You're telling the truth, for once and I believe you.

_You couldn't have had about the sword._

**-I know of the sword and I knew it would be given to you.**

You were anbu and a genius, somehow I'm not surprised you knew of the secret.

**-The first time I saw that sword. It lay in a pool of our mother's blood.**

I tried to shake the mental images from my head.

I didn't want to remember.

_-Did you know of the promise?_

You nod.

**-I guessed. That sword was specially given to you. It's the Katana of punishment.**

The Name sends chills down my spine.

The same chills I felt when I held it in my hand.

**-A lot of first born sons got too big for their boots or tried to rebel.**

My throat felt dry.

No amount of water could make things better.

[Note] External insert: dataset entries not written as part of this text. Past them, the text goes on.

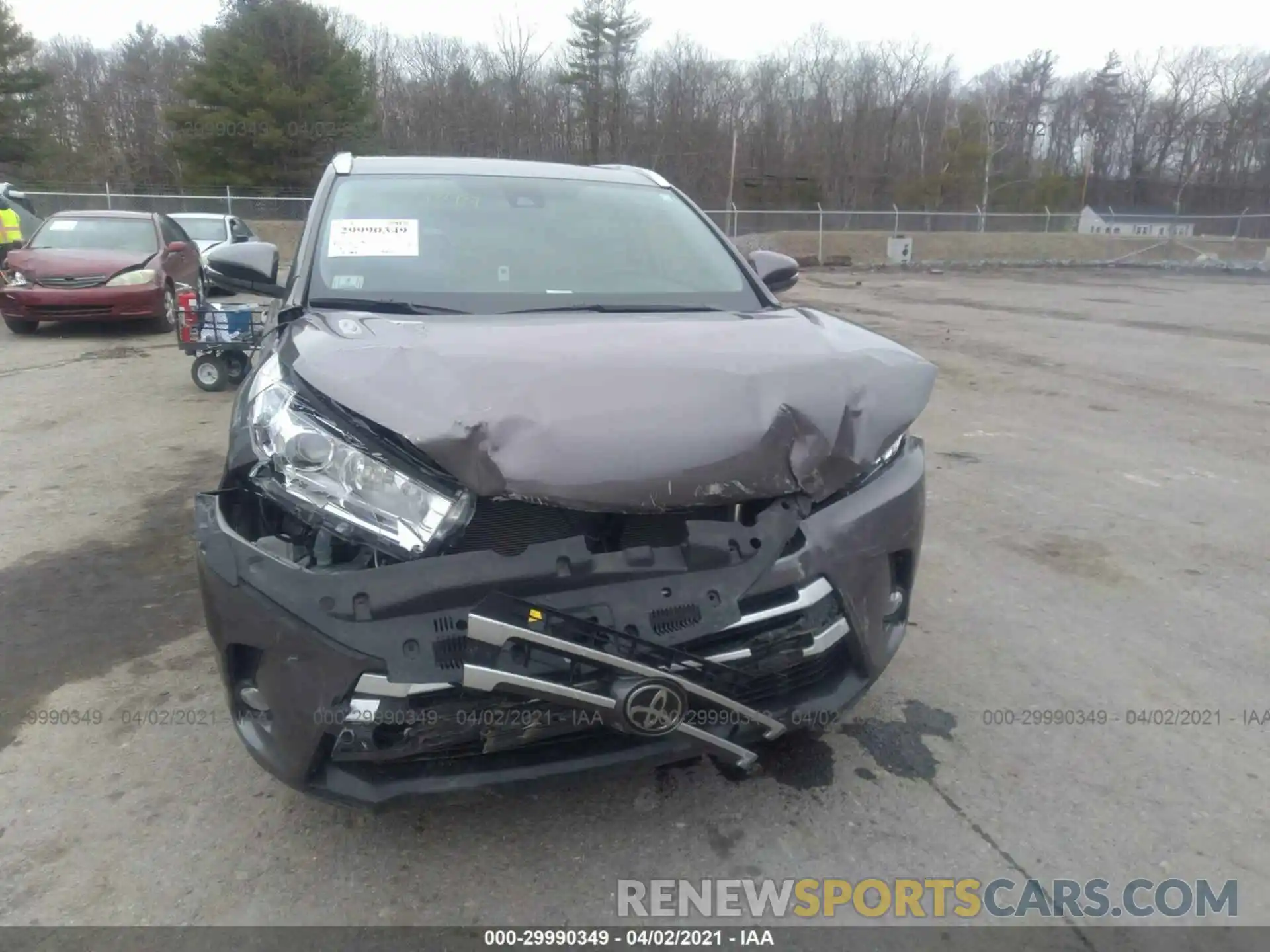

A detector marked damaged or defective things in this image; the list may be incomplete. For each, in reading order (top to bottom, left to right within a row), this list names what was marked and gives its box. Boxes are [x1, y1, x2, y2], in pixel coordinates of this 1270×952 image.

crumpled hood [8, 246, 155, 279]
cracked headlight lens [243, 355, 472, 558]
broken front bumper [190, 439, 924, 807]
damaged gray suv [195, 155, 935, 807]
damaged front end [198, 322, 935, 807]
crumpled hood [290, 309, 945, 510]
dented hood panel [290, 309, 945, 510]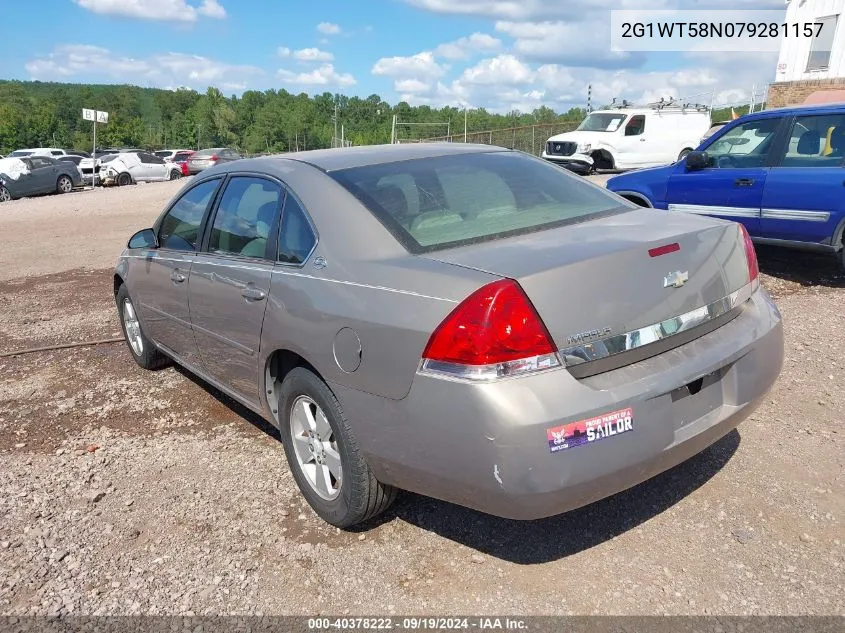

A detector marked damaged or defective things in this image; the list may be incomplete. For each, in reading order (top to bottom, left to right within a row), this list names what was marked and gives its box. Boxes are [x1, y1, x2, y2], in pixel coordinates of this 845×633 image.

damaged vehicle [0, 155, 82, 201]
damaged vehicle [99, 151, 184, 185]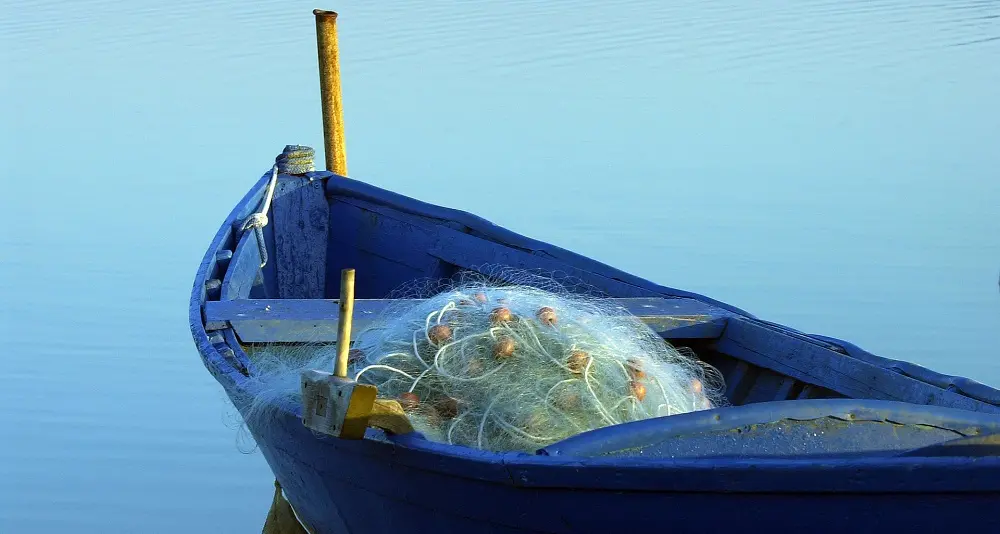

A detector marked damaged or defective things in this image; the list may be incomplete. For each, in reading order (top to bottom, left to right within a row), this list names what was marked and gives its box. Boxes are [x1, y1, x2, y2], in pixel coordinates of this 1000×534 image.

rusty metal pole [314, 8, 350, 176]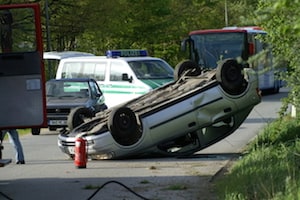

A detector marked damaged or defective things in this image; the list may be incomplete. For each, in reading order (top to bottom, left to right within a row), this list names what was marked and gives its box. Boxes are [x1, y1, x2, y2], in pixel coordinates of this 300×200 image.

overturned silver car [57, 58, 262, 159]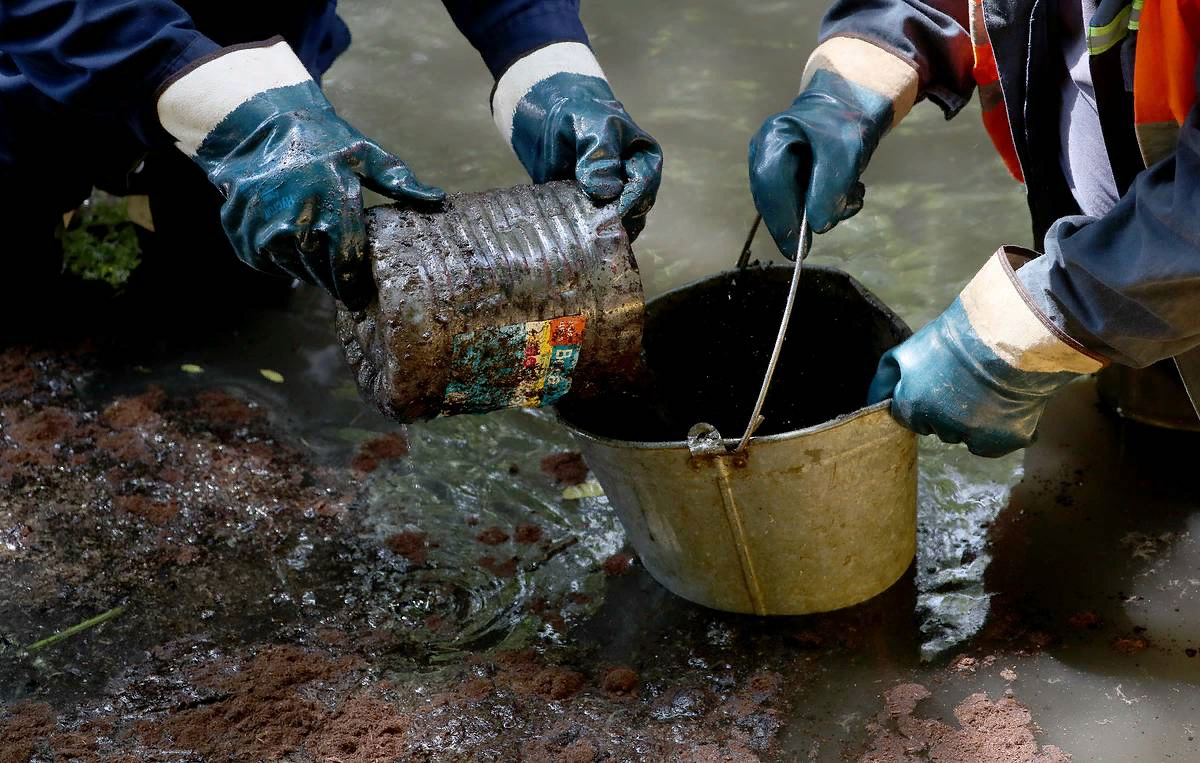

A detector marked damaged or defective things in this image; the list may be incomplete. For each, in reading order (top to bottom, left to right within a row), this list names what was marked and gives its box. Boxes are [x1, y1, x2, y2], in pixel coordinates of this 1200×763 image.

rusty metal can [336, 182, 648, 427]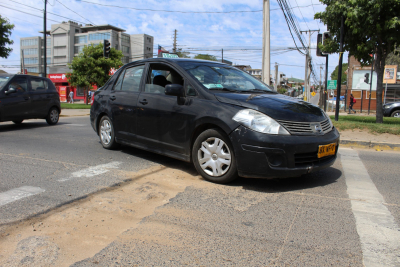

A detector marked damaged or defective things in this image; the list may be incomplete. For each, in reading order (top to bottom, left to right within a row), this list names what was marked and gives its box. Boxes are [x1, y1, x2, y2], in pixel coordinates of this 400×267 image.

pothole in road [0, 165, 209, 267]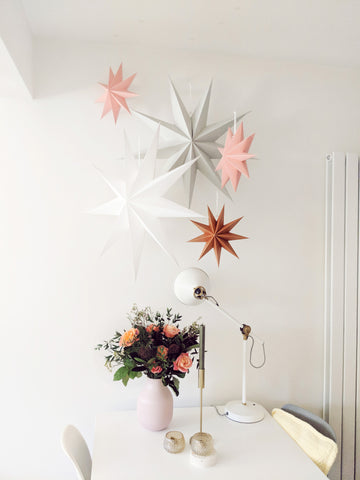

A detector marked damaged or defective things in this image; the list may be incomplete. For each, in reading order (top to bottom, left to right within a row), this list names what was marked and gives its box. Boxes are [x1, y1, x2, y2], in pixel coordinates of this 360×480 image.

rust paper star [97, 62, 138, 123]
rust paper star [215, 122, 255, 191]
rust paper star [190, 206, 246, 266]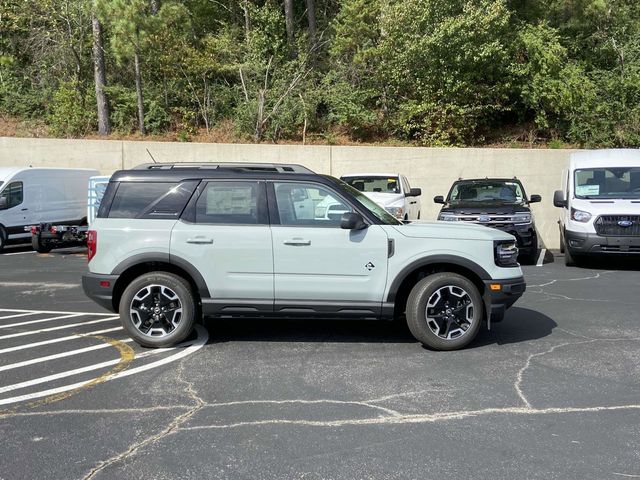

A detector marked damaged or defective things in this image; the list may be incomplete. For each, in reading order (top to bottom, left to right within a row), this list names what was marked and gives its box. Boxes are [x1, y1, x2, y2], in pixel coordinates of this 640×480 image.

pavement crack [81, 362, 204, 478]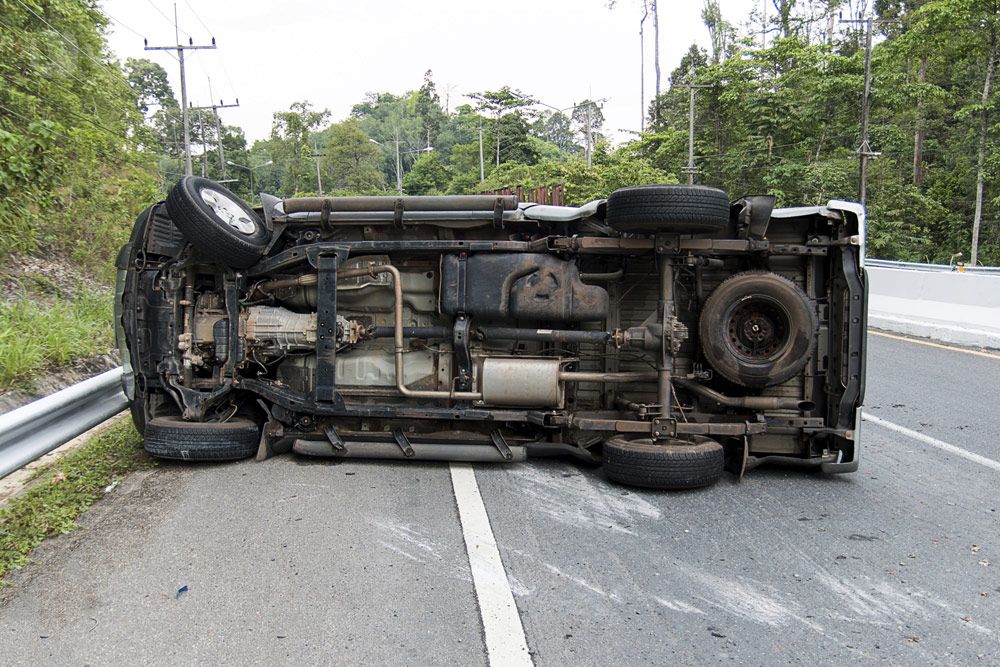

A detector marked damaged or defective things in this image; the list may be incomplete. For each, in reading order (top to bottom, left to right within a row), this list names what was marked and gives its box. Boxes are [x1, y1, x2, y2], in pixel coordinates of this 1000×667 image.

overturned vehicle [115, 179, 868, 490]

I knew why I was given it.

_-The Second born is meant to kill them._

You nod again.

I wish you would talk more. Reveal more to me.

I still don't understand.

**-Father killed our uncle because he didn't agree with the Clan. Much like I didn't.**

_-You didn't agree._

**-You were a child. You weren't informed of the Plan.**

I want to kill you.

I want to stop all these words that are making me sick and confused.

But I want to hear more.

_-Plan?_

**-Our family were going to overthrow the Hokage and take control of Konoha.**

My eyes are wide.

They couldn't have. I knew they were ambitious.

**-By any means necessary.**

They would've kill innocents?

The fact you can't look me in the eye proves this.

_-What did you do?_

Your eyes snap up, regret and pain swirling around.

**-I informed the Hokage. They ordered me to neutralise the threat.**

I scoffed at you.

Dancing around everything.

_-You did kill everyone. To 'neutralise the threat'._

**-No, I went to gather evidence. We would have arrested them in the morning.**

_-I don't believe you. Why did they end up dead! Did they discover you?_

You shake your head, your posture slumped.

**-I arrived back at the compound.**

I urge you forward with my eyes.

**-Everyone was dead except mother. She was dying, blood gurgling in her throat.**

I grasp my own throat.

I don't want to hear anymore.

I start to walk backwards but you advance.

A bright fire of determination in your usually dark eyes.

**-He stood over her, waited to make sure I was watching. **

I need to escape.

You're too close.

I don't want to hear!

**-He stabbed the sword through her skull. Her eyes looking straight at me.**

We were both teetering on the edge, too close to falling from sanity.

My blood was rushing through my ears.

**-I didn't kill them Sasuke**

I look up into your broken gaze, a single tear slipping down your cheek.

**-You did.**

No.

No. No. No. No. No. No. No. No. No. No. No. No.

_-You're lying_

My voice croaks and your eyes shut.

**-I'm not. I saw you, covered in blood holding the sword. I watched you end her life.**

No, this isn't right.

_-You're lying. You sick fuck._

I cursed, I had to.

I won't believe this. You're lying.

**-You passed out, I cleaned you up and took you bed. I went back to the scene.**

My heart thundering in my chest.

**-You must have woke up, you found me in the Shrine and you ran.**

That much was familiar.

He killed them not me.

_-I couldn't kill them, I was a child._

**-You were being influenced.**

I grab your cloak and shake you.

_-You're insane. IN-fucking-SANE! _

I push you away and leaned on a nearby tree.

**-I was going against the clan, turning them in. The sword called out to you.**

I didn't feel like me, this was all wrong.

I was meant to kill you, get revenge for you messing up my life.

_-Then why didn't I kill you?_

You give me a sad smile.

I don't want a smile from you.

**-Because I wasn't scared to give up my life. The greatest punishment I could get….**

I ran my fingers over my own Katana.

You're close enough that one swipe would sever your head from your shoulders.

**-Was to lose you.**

That's not the answer I thought you'd say.

But I can find no lies in your gaze.

_-Lose me?_

**-You killed everyone. You would have been imprisoned if not killed.**

I finally understood you.

After years of trying to understand, it was only now that I could.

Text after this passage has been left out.